Have you tried taking it as 1 mg x 4 instead of 2 mg x 2? I'm not sure if you're trying to cover more of the day as the drug wears off of if you need 2 mg at a time to get an adequate effect.


----------



## DontTrustheGov't (Jun 5, 2008)

Hey man. The bird is the word. 

I go on Xanax 3x daily. I will soon go to 4x daily. I find it is best to start low and if 1 pill doesn't cut it then you can take another fairly soon thereafter. 

If you were me I would take 1mg 4x daily as needed for the anxiousness.


----------



## euphoria (Jan 21, 2009)

If you're using 4mg a day and have been for a while, you most definitely will get quite a nasty withdrawal.


----------



## deadphish (Feb 24, 2005)

I like the idea of spreading it out, maybe I will try that.
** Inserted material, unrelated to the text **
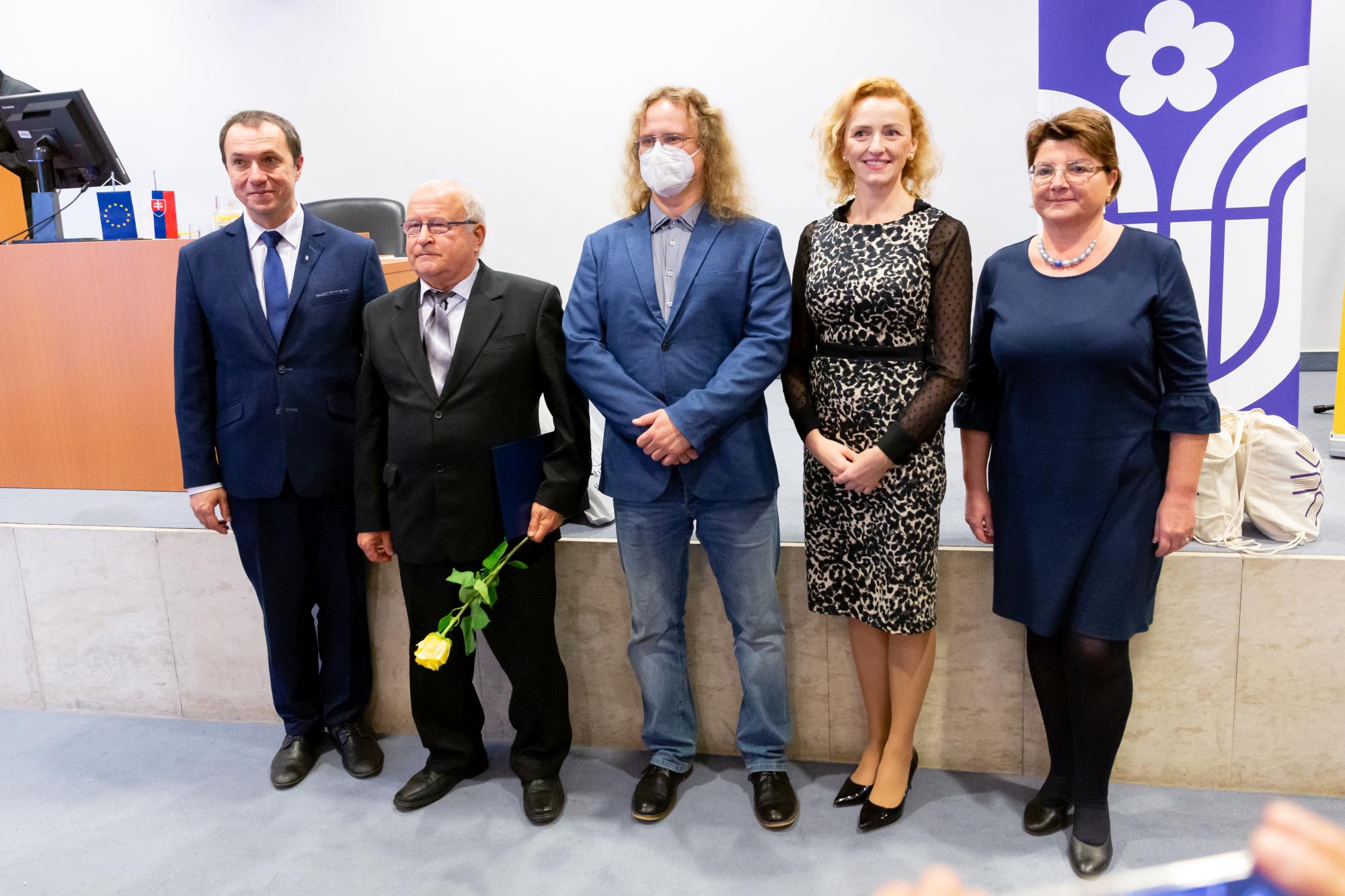 Slovenská kronika 2022, foto: Jakub Jančo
I was on just 2mg per day (prn) for over 4 years and after the year I have had so far that just isn't enough.



euphoria said:


> If you're using 4mg a day and have been for a while, you most definitely will get quite a nasty withdrawal.


Thanks for the info, but why would I stop taking a med that helps me so much....mate??


----------



## Medline (Sep 23, 2008)

> Thanks for the info, but why would I stop taking a med that helps me so much....mate??


You heard about tolerance?


----------



## euphoria (Jan 21, 2009)

deadphish said:


> I like the idea of spreading it out, maybe I will try that. I was on just 2mg per day (prn) for over 4 years and after the year I have had so far that just isn't enough.


Xanax wears off pretty quickly, so it's not unreasonable to take 4-5 doses a day. I used to take up to 8mg spread out over 3-5 doses.



> Thanks for the info, but why would I stop taking a med that helps me so much....mate??


I call it "cutting your losses". There are much better drugs than benzos out there, not just because they're sustainable; they are actually so much more fun to take and push your life in positive directions instead of the benzo route towards being the "that guy who always seems drunk and never remembers anything".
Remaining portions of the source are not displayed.